Is it a conscious decision to make films that don’t adhere to the commercial cinema format?
Today every film has become commercial after the marketing component which has doubled the budget of even a small production. In fact, a small film needs more marketing than one with a big star, to recover that amount. After all, you want more and more people to watch the film. Also, the difference between art and commercial cinema has blurred. We are telling different stories aesthetically now.
You’ve been in the industry for about ten years, how much has changed?
A lot. We don’t make formula films any more. Even a hardcore commercial film like Dabangg had Salman Khan portraying a very twisted character. But I feel sad that we have not made a classic after Sholay.
The first look of Paan Singh Tomar was out long ago; why is it stuck?
UTV sold the satellite rights while the film was being made; at that time, satellite was not a hot territory, but about seven months ago it started booming after a few companies announced new movie channels.

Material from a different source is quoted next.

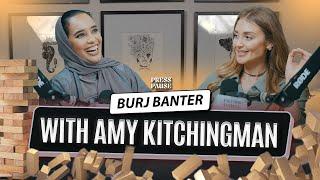 Beauty, Faith, and Bold Choices | Burj Banter with Amy Kitchingman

UTV wanted to renegotiate the price, which they did, but it took some time. Now every week there are two or three releases and they cannot slot the film, but have decided to release it in March next year.
Is it a curse to be a hatke filmmaker in Bollywood?
As I said, new stories are being told commercially. Though it is difficult for filmmakers who lack star power in their projects, there is a way out – if one follows Mahesh Bhatt’s formula: catchy title, good music, shoot in a tight budget.
Do you think that casting stars would have made a difference to the reach of your films?
Yes, but even then you have to make a good film at the end of the day. You might get to make another if you make a bad film with stars, but you won’t get respect.